5. Should any litigation be commenced between Eleccom and Virtual
concerning this Agreement regarding the rights and duties of either of the
parties to this Agreement, then the party prevailing in such litigation shall be
entitled, in addition to such other relief as may be granted, to a reasonable
sum as and for attorneys' fees in such litigation which may be determined by the
Court in such litigation or in a separate action brought for that purpose.

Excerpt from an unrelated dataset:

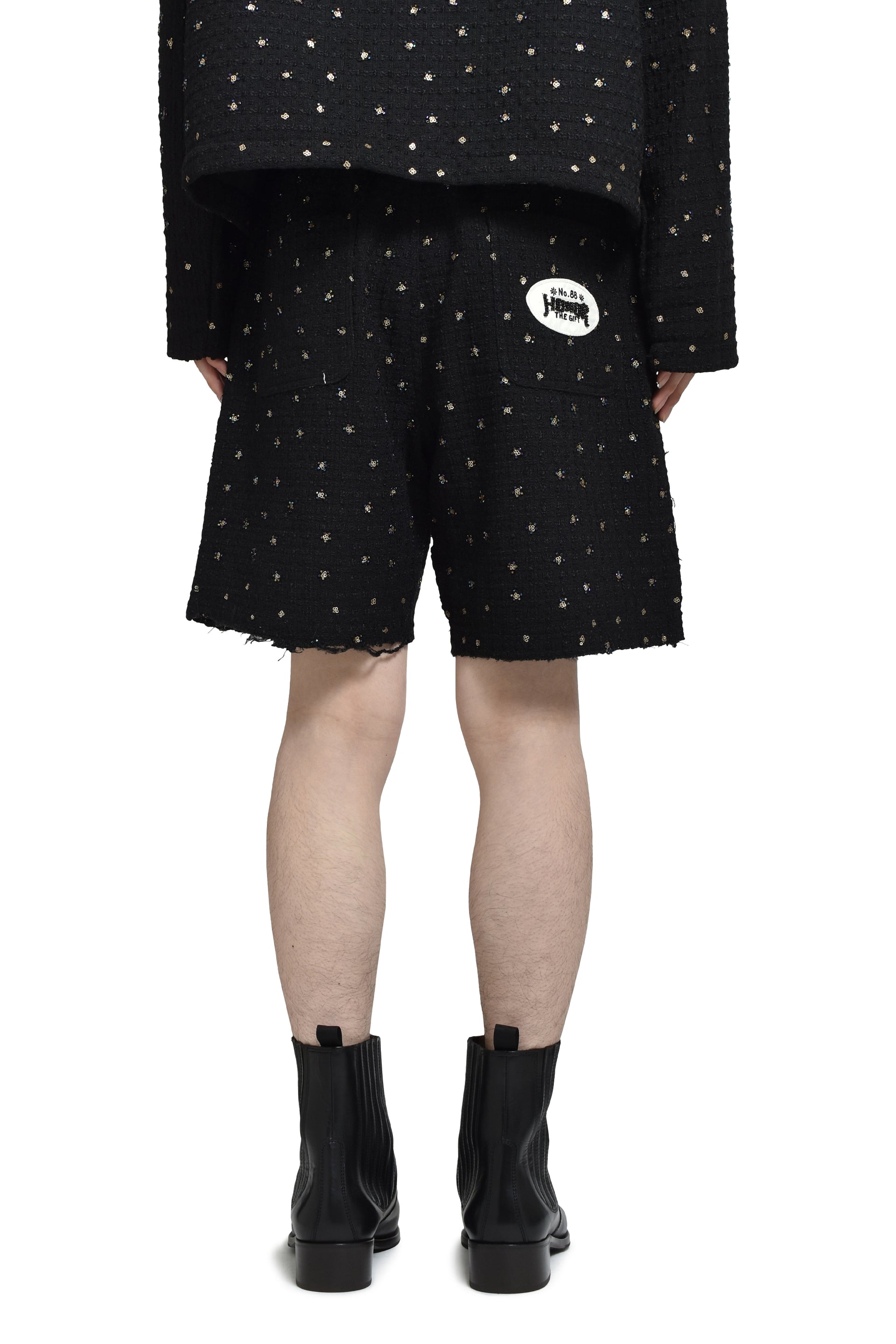 BEADED SHORTS / BLK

6. Notwithstanding the place where this Agreement may be executed by any of
the parties hereto, the parties expressly agree that all the terms and
provisions hereof shall be construed in accordance with and governed by the laws
of the State of New York, without giving effect to conflict of law principles
thereof.
7. This Agreement contains the entire agreement between Eleccom and Virtual
concerning the introduction of Virtual to Zorro, and correctly sets forth the
rights and duties of each of the parties to each other concerning such matter as
of this date. Any agreement or representation concerning the subject matter of
this Agreement or the duties of Eleccom in relation to Virtual not set forth in
this Agreement is null and void.
8. This Agreement and any provision hereof, may not be waived, changed
modified, or discharged orally, but only by an agreement in writing signed by
the party against whom enforcement of any waiver, change, modification, or
discharge is sought.
9. Except as otherwise expressly provided herein, no waiver of any
covenant, condition, or provision of this Agreement shall be deemed to have been
made unless expressly in writing and signed by the party against whom such
waiver is charged; and (i) the failure of any party to insist in any one or more
cases upon the performance of any of the provisions, covenants or conditions of
this Agreement or to exercise any option herein contained shall not be construed
as a waiver or relinquishment for the future of any such provisions, covenants,
or conditions; (ii) the acceptance of performance of anything required by this
Agreement to be performed with knowledge of the breach or failure of a covenant,
condition, or provision hereof shall not be deemed a waiver of such breach or
failure, and no waiver by any party of one breach by another party shall be
construed as a waiver with respect to any other or subsequent breach.
10. This Agreement contains the entire Agreement and understanding between
the parties hereto, and supersedes all prior agreements and understandings.
11. This Agreement may be executed simultaneously in one or more
counterparts, each of which shall be deemed an original, but all of which
together shall constitute one and the same instrument.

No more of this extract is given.